PROVIDED DATA:
..............................

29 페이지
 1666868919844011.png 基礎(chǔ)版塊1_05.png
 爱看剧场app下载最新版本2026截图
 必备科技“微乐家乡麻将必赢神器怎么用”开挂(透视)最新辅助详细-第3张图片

..............................

WHAT IS BEING ASKED:
A verbatim copy of the lines from the one with "爱看剧场app下载最新版本2026截图" to the end of the listing is the whole answer.

ANSWER SECTION:
 爱看剧场app下载最新版本2026截图
 必备科技“微乐家乡麻将必赢神器怎么用”开挂(透视)最新辅助详细-第3张图片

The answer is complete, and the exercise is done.